Who Let The Street Down?

As Yet another turbulent year draws to a close, it’s time to see who quashed investors’ hopes on the street. Though the second half of the year saw share prices of a number of top companies coming back on track, some stocks still remained painfully low. B&E finds out the top value destroyers for the year among the BSE 100 constituents

55Slow demand hits all

IT giant Infosys topped the chart biggest wealth destroyers (in %). Affected by a slowdown in revenue from Western clients remained the biggest problem for the company. Between Jan 2, 2012 and December 15, 2012, it lost 15.91% of its m-cap. ONGC stood second with 15.66% reduction in its m-cap due to slow oil and natural gas discovery in the new fields and poor yield from existing assets. Two companies from Adani group made it to this not-to-be-proud list. Adani Enterprises suffered due to increasing international prices and a forced 7% promotor’s stake sale to meet compulsory share holding norms, while Adani Power faced issues due to low margins. GMR infrastructure suffered various bottlenecks including sectoral and its own internal issues.

54Western disturbances hit Infy

In absolute terms, Infosys and ONGC lost market capitalization to the tune of Rs.178.94 billion and Rs.106.60 billion respectively between Jan 2, 2012 and December 15, 2012. Among others Bharti Airtel saw its m-cap coming down by Rs.39.42 billion due to lower user base and less than expected average revenue per user. However, it is expected that the capex made by the company may soon bring a change in its fortune in the next financial year and a good recovery is on cards for the telecom giant. Rising non-performing assets troubled Punjab National Bank to a great extent during the year. During the given period, the bank’s market capitalisation fell by Rs.3.38 billion.

57Hopes on policy front!

A comparison of top 5 wealth destroyers with Sensex unlocks a very contrasting story.

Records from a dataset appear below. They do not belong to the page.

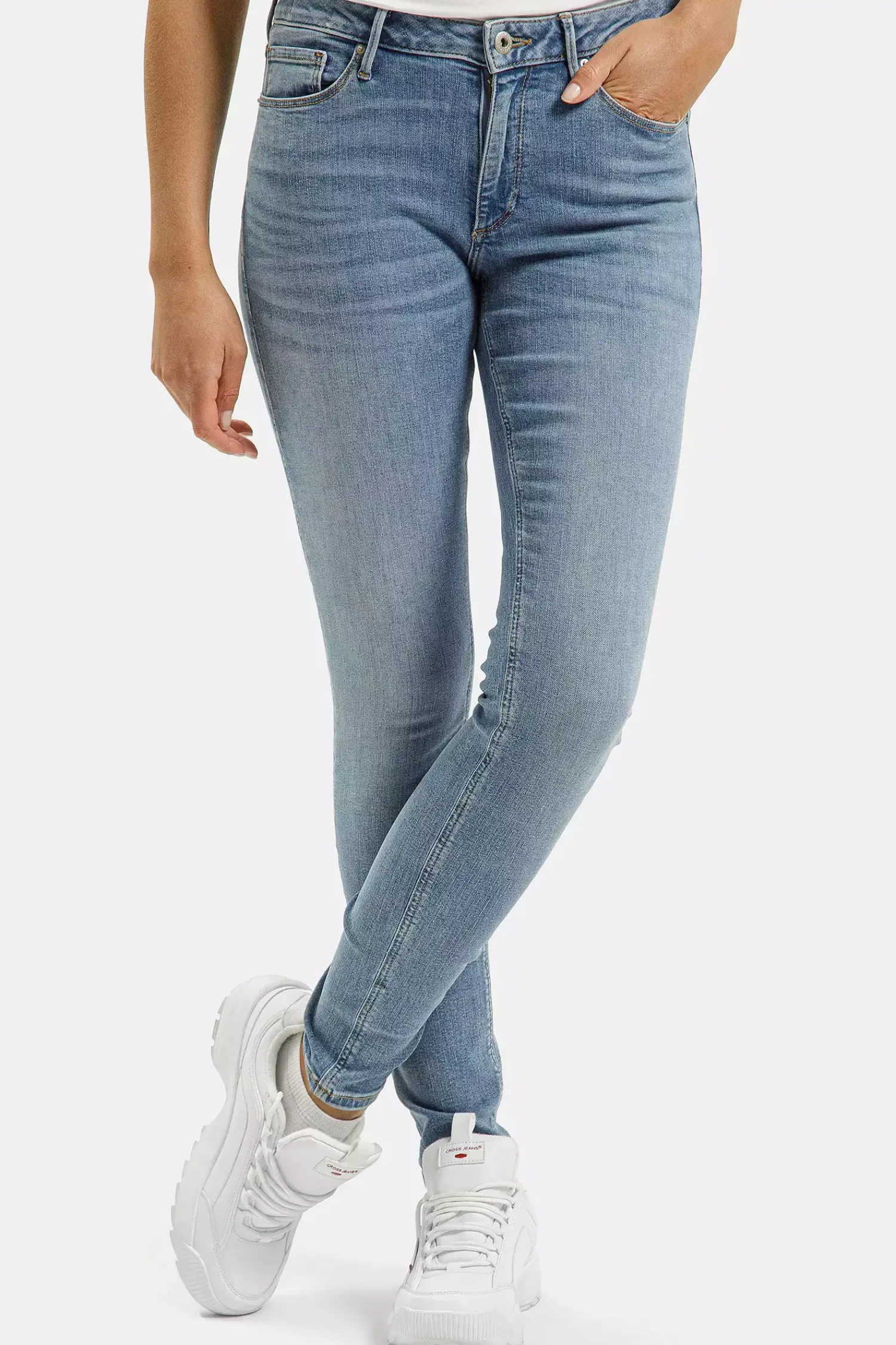 Jeansy damskie niebieskie Skinny Fit Alan N 497-316<Cross Jeans Online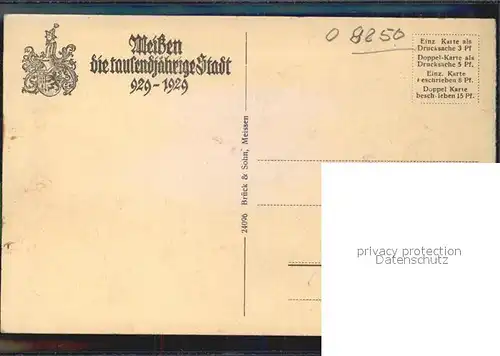 Meissen Elbe Sachsen Goernisches Tor zur 1000Jahrfeier 1929 Gedicht Wappen Kuenstlerkarte Kat. Meissen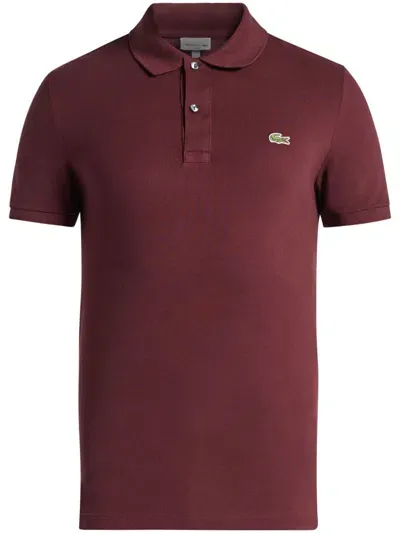 Lacoste Logo-embroidered Cotton Polo Shirt In Red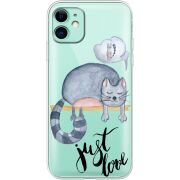 Прозрачный чехол Uprint Apple iPhone 11 Just Love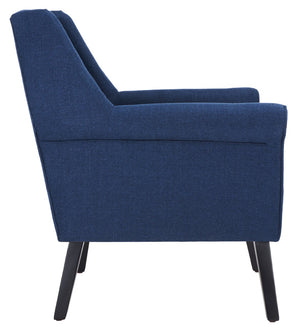 Safavieh Videl Accent Chair - Elegant Navy Linen Upholstery, Vintage-Inspired Design, Comfortable & Stylish Seating ACH4011A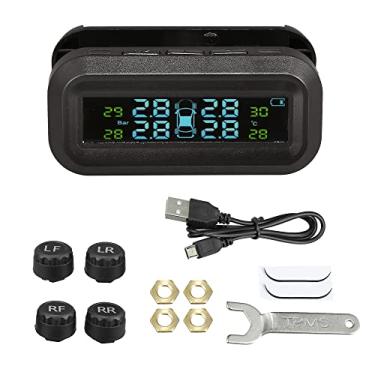 Imagem de X AUTOHAUX Sistema de monitoramento de pressão de pneu TPMS carregador solar sem fio universal monitor 5 modos de alarme LCD exibição em tempo real com 4 sensores externos Smart Car Tire Monitor para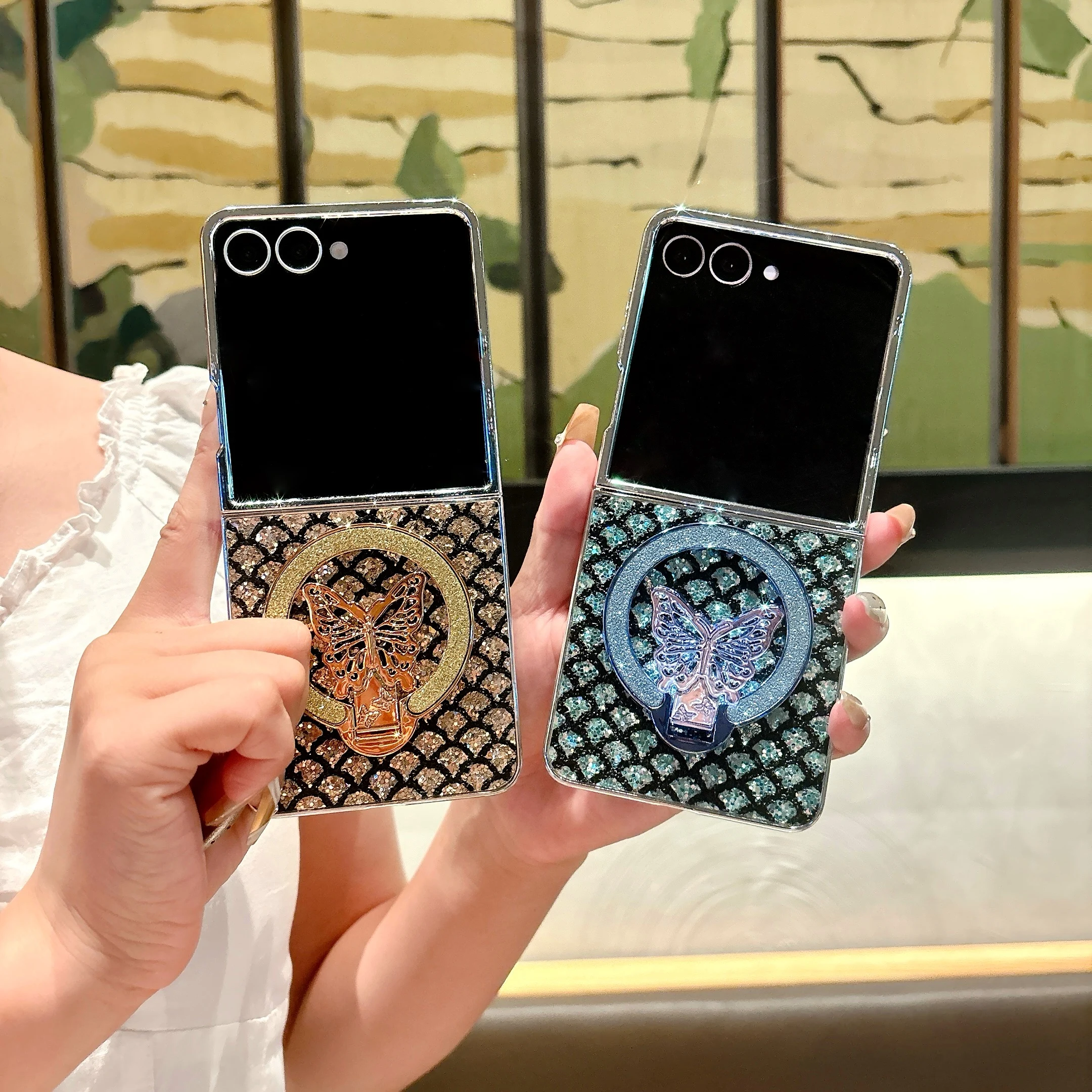 

Роскошный чехол с рисунком рыбьей чешуи для Samsung Galaxy Z Flip 7, 6, 5, 4, 3, защитная куртка-подставка с бабочкой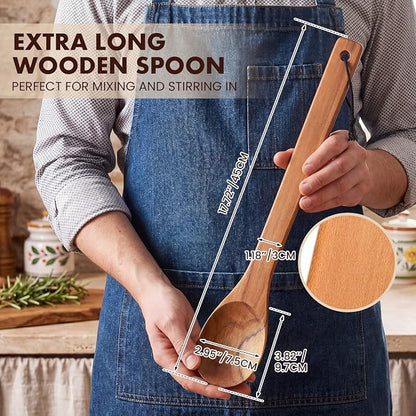 Baderke 1 Pcs 18 Inches Extra Long Wooden Spoons Large Non-stick Kitchen Wooden Spoons Giant Heavy Duty Stir Paddle for Cooking Mixing Stirring Heat Resistant Cooking Tool Chef Mom Gifts (Teak)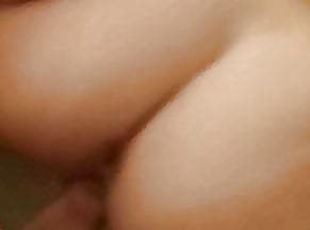 UK wife doggy taking cumshot on ass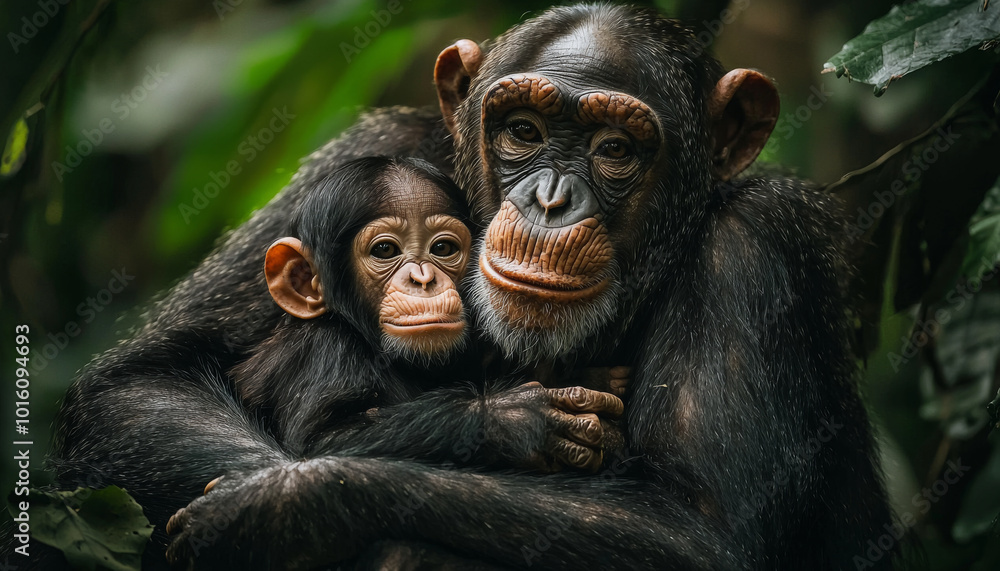 Naklejka premium A tender moment between a mother chimpanzee and her baby, showcasing their bond in a lush, green environment.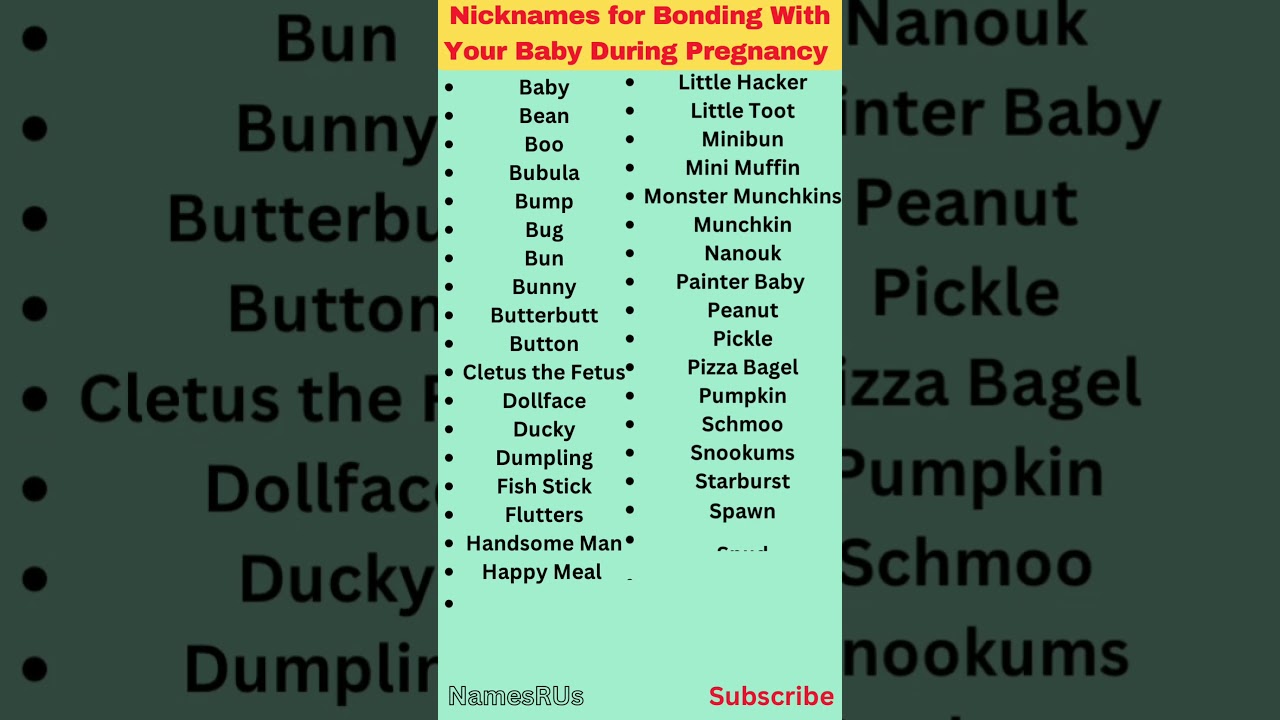 Nicknames for Bonding With Your Baby During Pregnancy 🤰 👦 👧 🥰 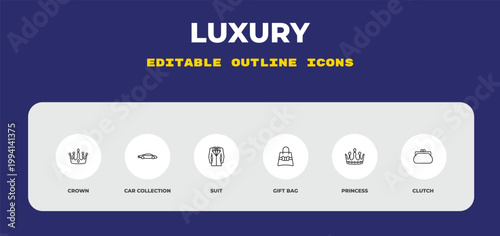 outline luxury icons set - crown, car collection, suit. editable vector for web and mobile ui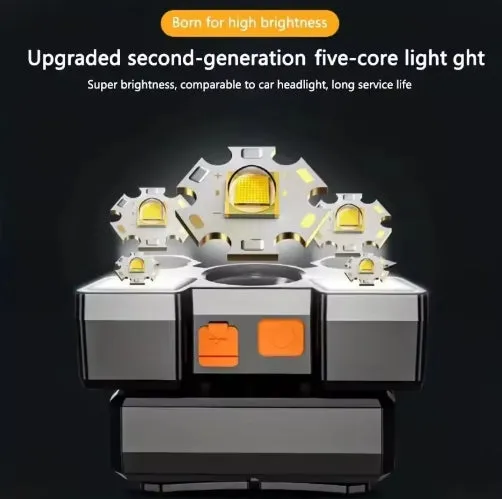 Five-head Long-range Super Bright Headlight USB strong light super bright rechargeable fishing lamp  head-mounted flashlight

While the benchmark BSE Sensex gained 25.51% in the considered period, all these companies witnessed a substantial erosion in their market capitalization. A similarity between these companies is that all of them belong to the sectors which are in trouble currently. However, with some conclusive policy decisions coming soon one can expect these companies to move up in the coming financial year. For example, a company like Infosys is genuinely expected to be better as soon as the US and European markets come back to colour. Similarly, further disinvestment may improve ONGC’s m-cap in the coming year.

58Weak show by hulks

For the quarter ending 30th September 2012, Infosys registered a 24.24% yoy growth in its revenues while its PAT grew by 28.54%. Both these figures were significantly below the industry expectations and added strongly to the company’s poor show on Dalal street. Second in line, ONGC did not even manage to add to its profit on a year-on-year basis. Its bottomline declined a mammoth 31.77% while the revenue shrank by 9.44% yoy. Adani group faced issues which were mostly due to external factors and brought down their profits and revenues substantially. GMR Infrastructure made losses due to high interest payments and a payment tussle at Maldives airport.

59Here is the breather

Surprisingly, United Spirits, which belongs to all-in-trouble, debt-loaded UB Group, managed to deliver the most – 290.84% – to its shareholders. The company has been immensely benefited by its majority stake sale to world’s largest spirit maker, Diageo. A demand boom in consumer products helped Godrej Consumer Products to boost both its topline and bottomline. The company registered a whooping 122.90% jump in its market capitalization during the considered period. Rest three in the list of top five are all banking and finance companies. On grounds of strong demand for retail loans and high interest rates, all of them saw their financials and market capitalization soar by more than 100%.